■ What is needed
Nothing but the lines from the one with "a bedroom with" through the final line of the entries should appear in the answer, copied exactly and without pictures.

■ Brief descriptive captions
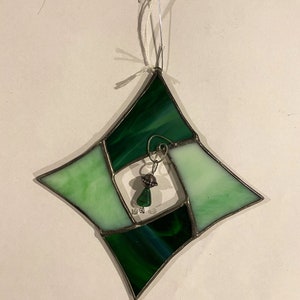 Stained glass Christmas ornament swirl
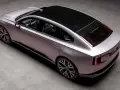 Srebrny samochód elektryczny Volvo ES90 z czarnym dachem i przyciemnianymi szybami, widok z góry.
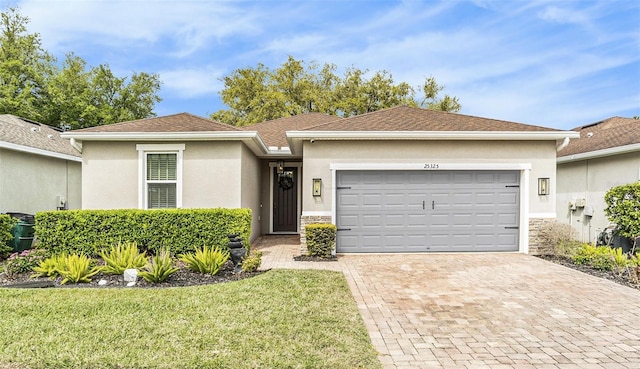 25325 Welsh Poppy Way, Land O Lakes, FL 34639 - single story home with stucco siding, decorative driveway, stone siding, a front yard, and an attached garage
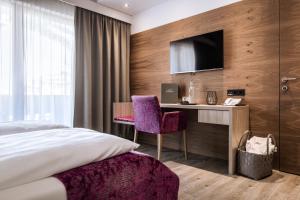 a bedroom with a bed and a desk and a tv at Hotel Sonnegg in Saalbach Hinterglemm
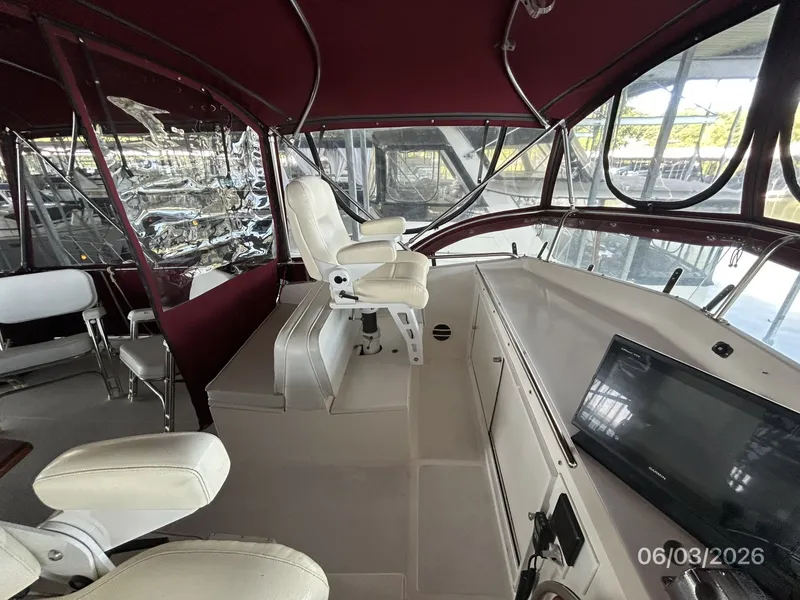 Slide: The Image of 46' Grand Banks flybridge port forward - 6284907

■ Output
 a bedroom with a bed and a desk and a tv at Hotel Sonnegg in Saalbach Hinterglemm
 Slide: The Image of 46' Grand Banks flybridge port forward - 6284907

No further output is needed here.